La mayor riqueza que tiene la Iglesia católica es la Eucaristía, nada más sagrado por tratarse del Cuerpo y Sangre de nuestro Señor Jesucristo.
Cuando nuestro Señor Jesucristo prometió: «He aquí que yo estoy con ustedes todos los días hasta el fin del mundo» (Mt 28, 20), nunca lo hizo en sentido figurado. Por supuesto, Él tenía que volver al lado del Padre para que viniera el Paráclito (Jn 16, 7), pero ideó la manera de permanecer con nosotros, y lo hizo bajo las especies de pan y vino.
Por ello, San Juan Pablo II escribió en la encíclica Ecclesia de Eucharistia:
La Iglesia ha recibido la Eucaristía de Cristo, su Señor, no solo como un don entre otros muchos, aunque sea muy valioso, sino como el don por excelencia, porque es don de sí mismo, de su persona en su santa humanidad y, además, de su obra de salvación.
Entendemos, de esta manera, que cualquier ofensa en contra de la santísima Eucaristía se convierte en un acto gravísimo, cometiendo sacrilegio y mereciendo como castigo la excomunión.

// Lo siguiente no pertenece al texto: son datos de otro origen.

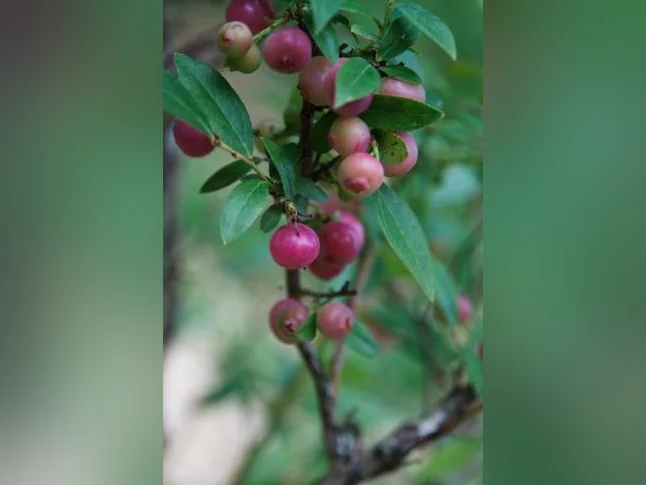 Arbres fruitiers, petits fruits et arbustes ornementaux – Producteur local thumbnail 9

El Código de Derecho Canónico lo declara así:
Can. 1382 – § 1. Quien arroja por tierra las especies consagradas, o se las lleva o las retiene con una finalidad sacrílega, incurre en excomunión latae sententiae reservada a la Sede Apostólica; el clérigo puede ser castigado además con otra pena, sin excluir la expulsión del estado clerical.
Habiendo ofendido al Señor con actos sacrílegos, es necesario desagraviarlo. Por ello, la Iglesia exige realizar actos de desagravio, que son oraciones de reparación, penitencia y perdón por las ofensas cometidas en contra de la santísima Eucaristía.
No hay manera de que, humanamente, podamos compensar a Dios por tanto que le ofendemos, pero algo podemos hacer para retribuir su inmenso amor.
Hay muchas maneras para desagraviar al Señor, como hacer procesiones, horas santas, actos penitenciales, oraciones, personales y comunitarias, frente al Santísimo y Misas, pero lo más importante será siempre demostrar nuestro amor al Señor sacramentado y mantener nuestro respeto a la Eucaristía, procurando inculcar en los demás los mismos sentimientos.
El Señor Jesús merece todo, defendámoslo sin temor.